Democracy and Majority Rule
Were such decisions made in the political arena, most of us would deem it tyranny. Why isn’t it also tyranny for the democratic process to mandate what type of light bulbs we use, how many gallons of water to flush toilets or whether money should be taken out of our paycheck for retirement?
The founders of our nation held a deep abhorrence for democracy and majority rule. In Federalist Paper No. 10, James Madison wrote, “Measures are too often decided, not according to the rules of justice and the rights of the minor party, but by the superior force of an interested and overbearing majority.” John Adams predicted, “Remember, democracy never lasts long. It soon wastes, exhausts, and murders itself. There was never a democracy yet that did not commit suicide.”
Our founders intended for us to have a republican form of limited government where the protection of individual God-given rights was the primary job of government.

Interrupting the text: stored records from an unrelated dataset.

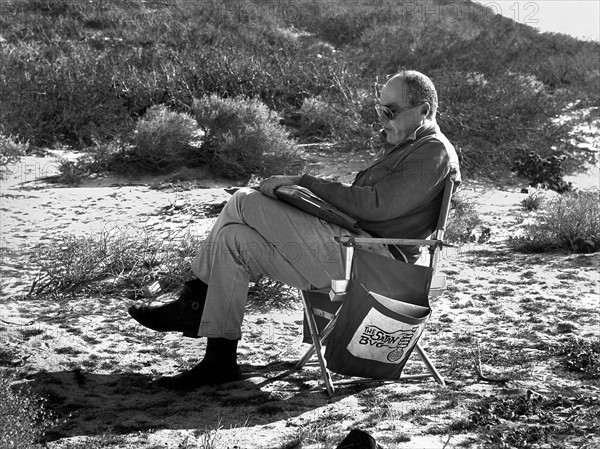 John Sturges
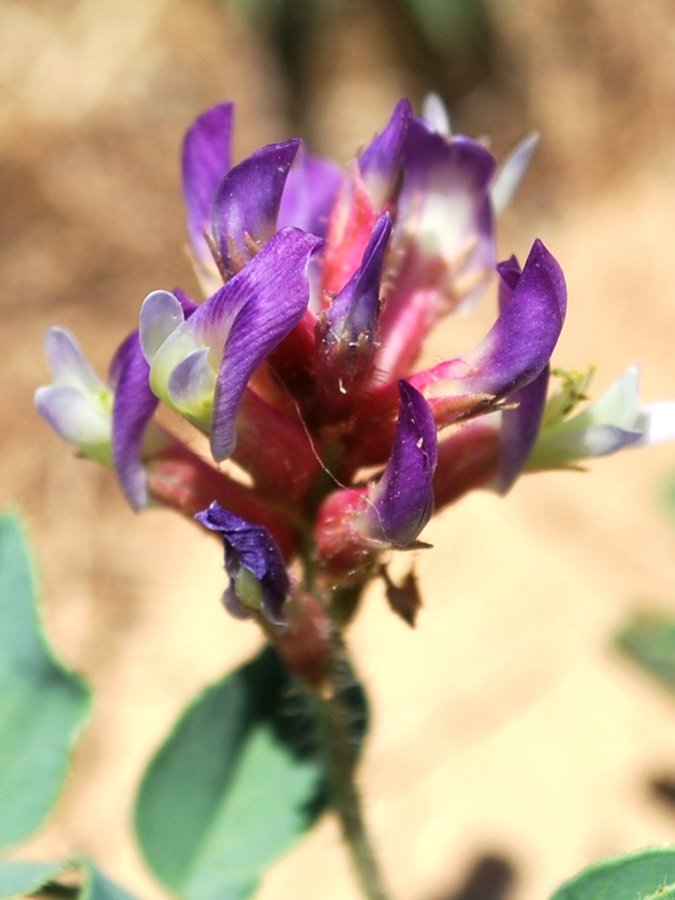 Изображение особи Glycyrrhiza hispida.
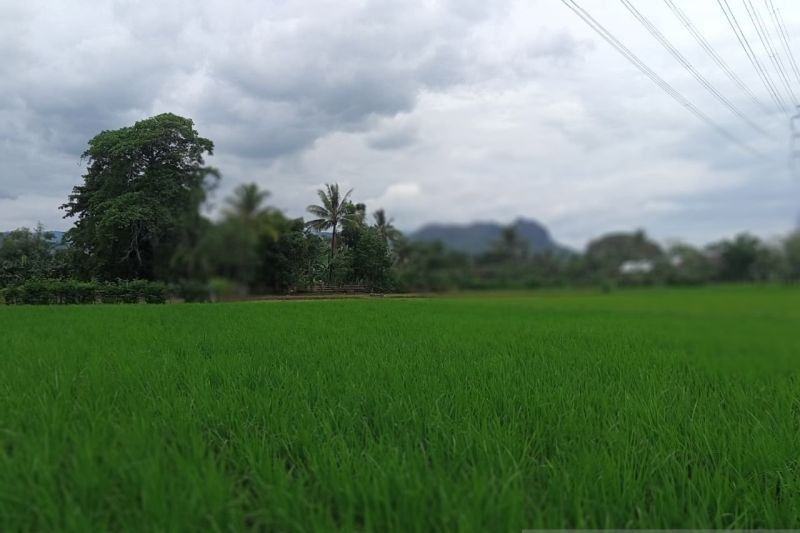 Sulsel Targetkan Cetak Sawah Baru 583 Hektare di 2025, Wujudkan Ketahanan Pangan Nasional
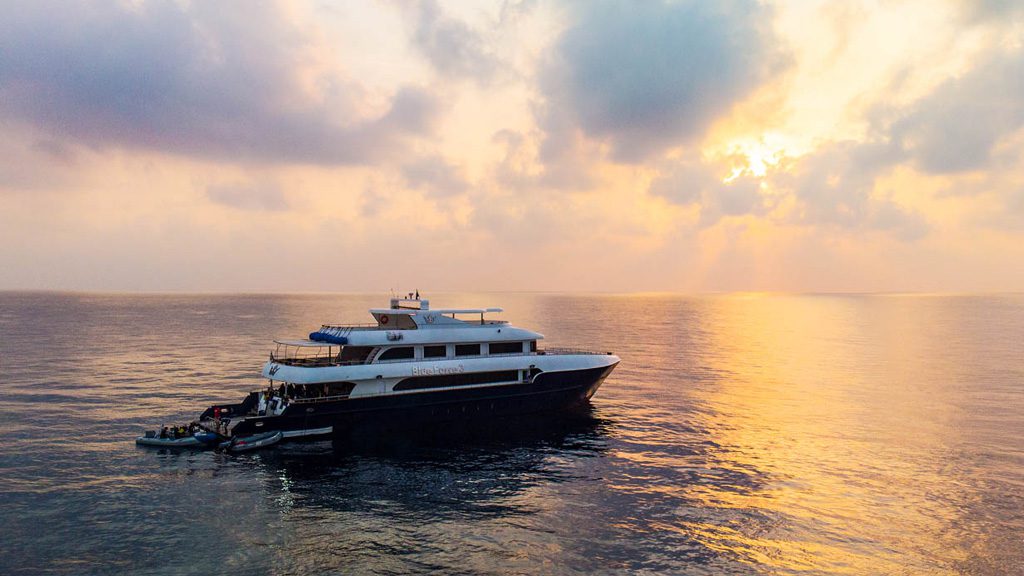 Maldives Blue Force 3 diving the Central Atolls of the Maildives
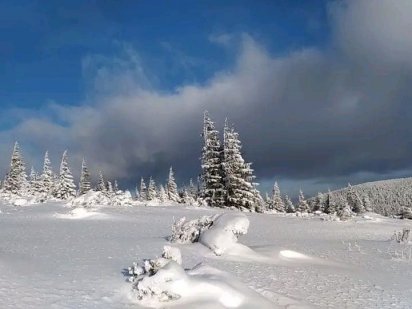 Земля.Карпати.Гірська ділянка на схилі гори з власними джерелами. Калуш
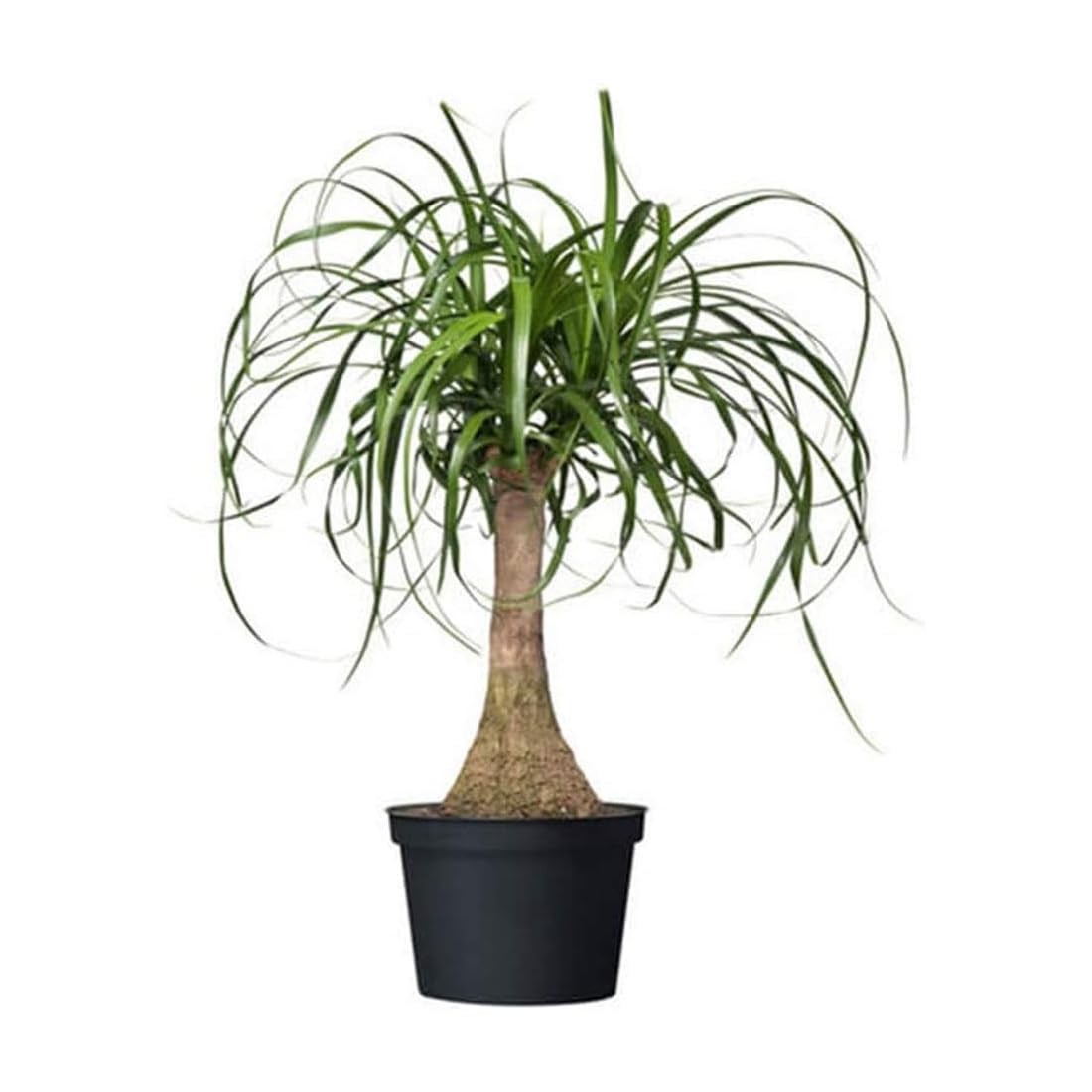 American Plant Exchange Live Ponytail Palm Tree Bottle Palm Tree Elephants Foot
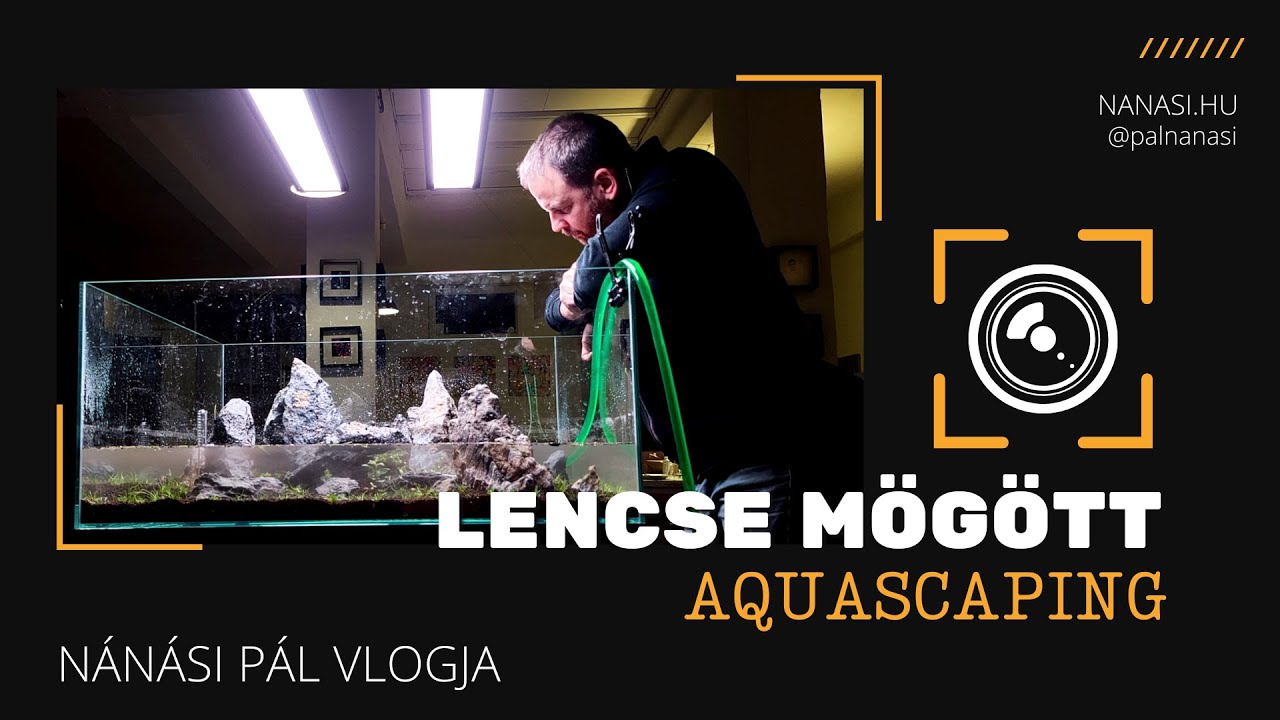 LENCSE MÖGÖTT - Aquascaping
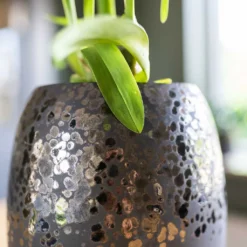 Kae Plant Vase - Mocha 6 Kae Plant Vase - Mocha -Outlet The Ever Sprout Store Kae Plant Vase Mocha Close Up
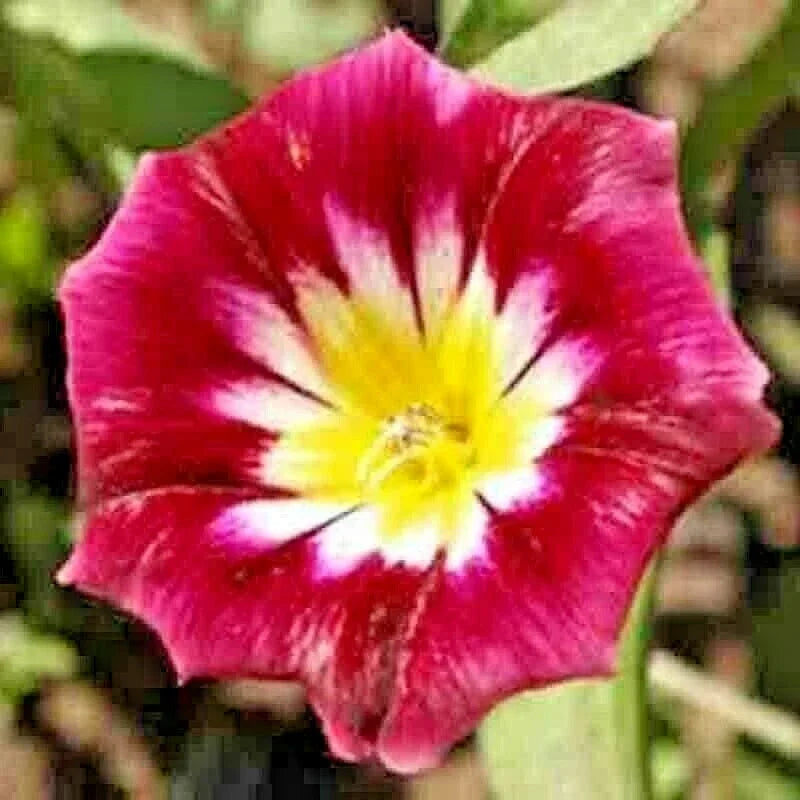 Morning Glory Seeds - Dwarf Vining Mix for Containers & Gardens - Ipomoea purpurea - Hummingbird Attracting Flowers, 25 Seeds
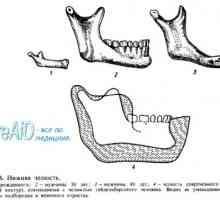 Анатомия: долна челюст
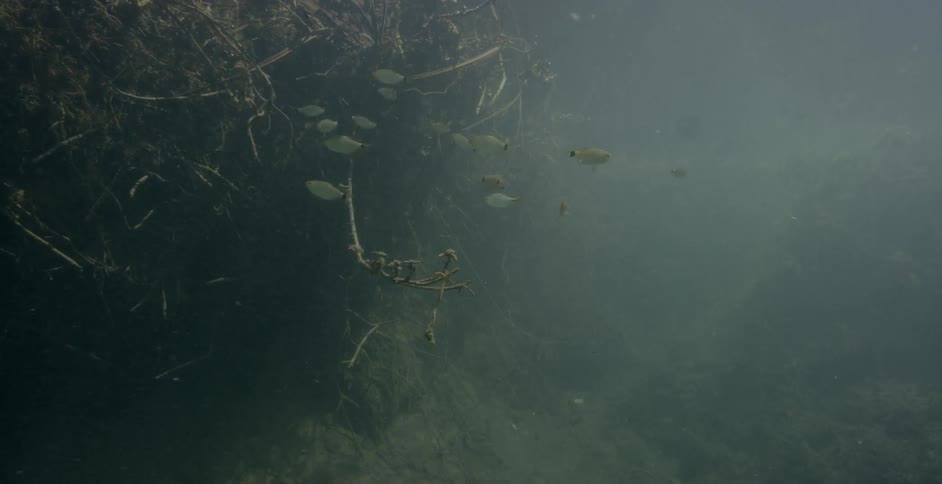 Small fish swim near underwater plants
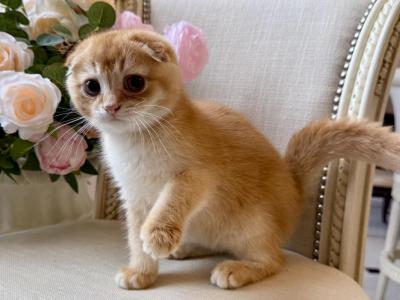 Scottish Fold Light Golden Male - Scottish Fold - Gallery Photo #1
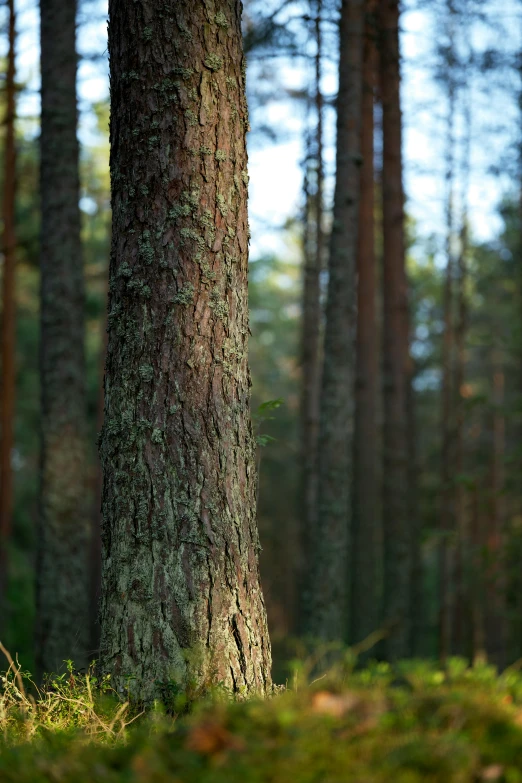 the trees are in the woods with moss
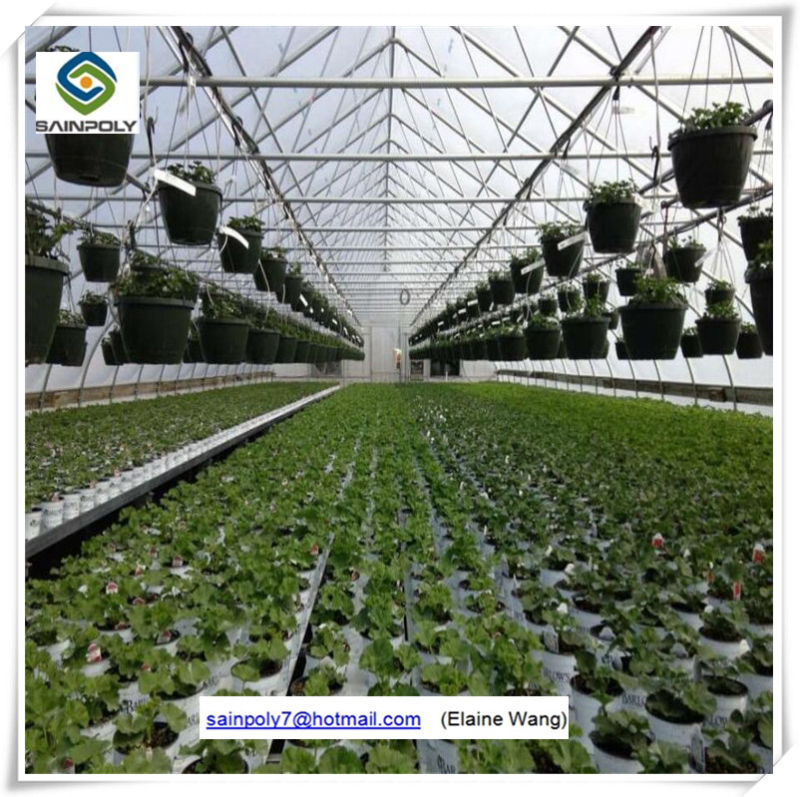 China Low Cost Prefabricated Frame Glass Greenhouse with Hydroponic Systems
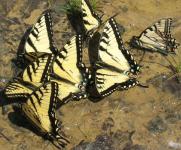 Farfalle potabile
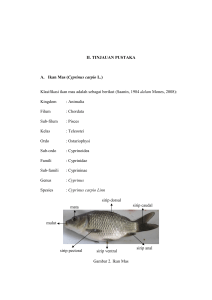 II. TINJAUAN PUSTAKA A. Ikan Mas ( Cyprinus carpio L.) Klasifikasi
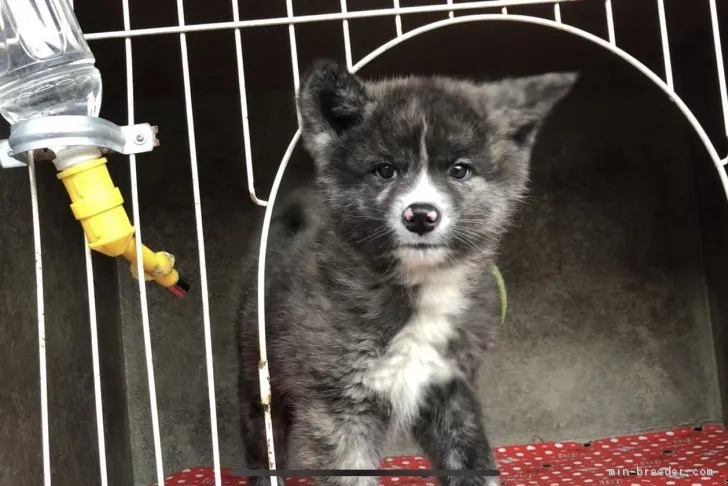 銀 様のお迎えした子犬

Alert to the dangers of majoritarian tyranny, the Constitution’s framers inserted several anti-majority rules. One such rule is that election of the president is not decided by a majority vote but instead by the Electoral College. Nine states have over 50 percent of the U.S. population. If a simple majority were the rule, conceivably these nine states could determine the presidency. Fortunately, they can’t because they have only 225 Electoral College votes when 270 of the 538 total are needed. Were it not for the Electoral College, that some politicians say is antiquated and would like to do away with, presidential candidates could safely ignore the less populous states.
Part of the reason our founders created two houses of Congress was to have another obstacle to majority rule. Fifty-one senators can block the designs of 435 representatives and 49 senators. The Constitution gives the president a veto to weaken the power of 535 members of both houses of Congress. It takes two-thirds of both houses of Congress to override a presidential veto.
To change the constitution requires not a majority but a two-thirds vote of both Houses to propose an amendment, and to be enacted requires ratification by three-fourths of state legislatures. The Constitution’s Article V empowers two-thirds of state legislatures to call for a constitutional convention to propose amendments that become law when ratified by three-fourths of state legislatures.
I used to be for this option as a means of enacting a spending limitation amendment to the Constitution but have since reconsidered. Unlike the 1787 convention attended by men of high stature such as James Madison, Thomas Jefferson, George Washington and John Adams, today’s attendees would be moral midgets: the likes of Barney Frank, Chris Dodd, Olympia Snowe and Nancy Pelosi.
In addition to an abhorrence of democracy, and the recognition that government posed the gravest threat to liberty, our founders harbored a deep distrust and suspicion of Congress. This suspicion and distrust is exemplified by the phraseology used throughout the Constitution, particularly our Bill of Rights, containing phrases such as Congress shall not: abridge, infringe, deny, disparage or violate.
Today’s Americans think Congress has the constitutional authority to do anything upon which they can get a majority vote. We think whether a particular measure is a good idea or bad idea should determine passage as opposed to whether that measure lies within the enumerated powers granted Congress by the Constitution. Unfortunately, for the future of our nation, Congress has successfully exploited American constitutional ignorance or contempt.